What is Statistical Significance?
Evidence-based practice is supposed to enhance practical decision-making, but interpreting research is often difficult for some practitioners . As such, clinical research is only of value if it is properly interpreted . Underpinning many scientific conclusions is the concept of ‘statistical significance’, which is essentially a measure of whether the research findings are actually true. In other words, statistical significance is the probability that the observed difference between two groups is due to chance or some factor of interest [9, 10]. When a finding is significant, it simply means that you can feel confident that it is real, not that you just got lucky in choosing the sample.
The most common method of statistical testing is using a specified statistical model to test the null hypothesis (Null Hypothesis Significance Testing; NHST) against a predetermined level of significance . This method is essentially generated from four components:
The null hypothesis postulates the absence of an effect (e.g. no relationship between variables, no difference between groups, or no effect of treatment) [9,12] For example, that in reality, there is no association between caffeine consumption and reaction times. This is the formal basis for testing statistical significance. By starting with the proposition that there is no association, statistical tests can estimate the probability that an observed variation is due to chance or some factor of interest .
The alternative hypothesis is the proposition that there is an association between the predictor and outcome variable . For example, there is an association between caffeine consumption and reaction times.
The statistical model is the statistical test chosen to analyse the data and is constructed under a set of assumptions that must be met in order for valid conclusions about the null hypothesis to be made . Examples of statistical tests include: Independent t-test, ANOVA, and Pearson’s correlation.
Level of Significance
A predetermined level of significance allows for the null hypothesis to either be rejected or accepted . The significance level that is widely used in academic research is 0.05, which is often reported as ‘p = 0.05’ or ‘α = 0.05’. The null hypothesis is rejected in favour of the alternative hypothesis if the calculated p-value is less than the predetermined level of significance. For instance, if you were to analyse a set of data looking at reaction times following caffeine consumption, with the resulting significance value being p = 0.03 you are able to reject the null hypothesis and accept the alternative hypothesis, on the basis that all assumptions for the statistical model were met. This is because, the smaller the p-value, the greater the statistical incompatibility of the data with the null hypothesis . In other words, the smaller the p-value, the more unusual the data would be if every single assumption were correct .

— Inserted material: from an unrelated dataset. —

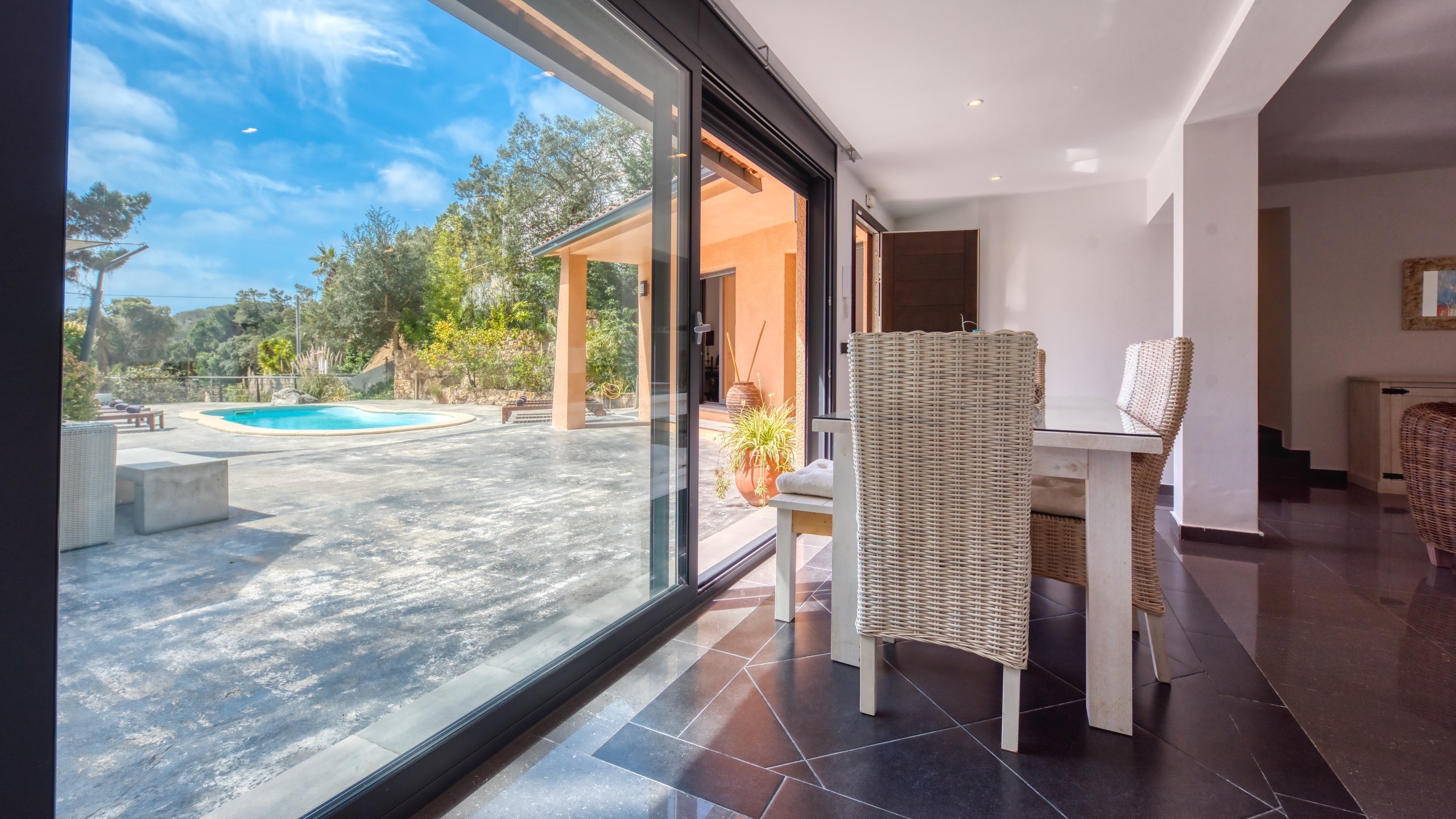 Vakantievilla's Costa Brava Spanje - Villa Olivia - Eethoek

There is a common misconception that lower p-values are associated with having a stronger treatment effect than those with higher p-values . For example, an outcome of 0.01 is often interpreted as having a stronger treatment effect than an outcome of 0.05. Whilst this is true if we can be certain that every assumption was met, a smaller p-value does not tell us which assumption, if any, is incorrect. For example, the p-value may be very small because, indeed, the targeted hypothesis is false; however, it may instead be very small because the study protocols were violated . As a result, the p-value tells us nothing specifically related to the hypothesis unless we are absolutely positive that every other assumption used for its computation is correct . In other words, a lower p-value is not synonymous with importance. Therefore, we must take caution when accepting or rejecting the null hypothesis and should not be taken as proof that the alternative is indeed valid .

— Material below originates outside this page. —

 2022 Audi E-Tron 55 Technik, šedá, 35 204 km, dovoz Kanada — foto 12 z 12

Although the use of the p-value as a statistical measure is widespread, the sole use and misinterpretation of statistical significance has led to a large amount of misuse of the statistic and thus has resulted in some scientific journals discouraging the use of p-values . For instance, NHST and p-values should not lead us to think that conclusions can be a simple, dichotomous decision (i.e. reject vs not reject) . A conclusion does not simply become “true” on one side of the divide and “false” on the other . In fact, many contextual factors (i.e. study design, data collection, the validity of assumptions, and research judgement) can all contribute to scientific inference rather than by finding statistical significance [9,12]. Despite these criticisms, the recommendation is not that clinical researchers discard significance testing, but rather that they incorporate additional information that will supplement their findings . With that being said, it is important that statistical significance can be correctly interpreted to avoid further misuse.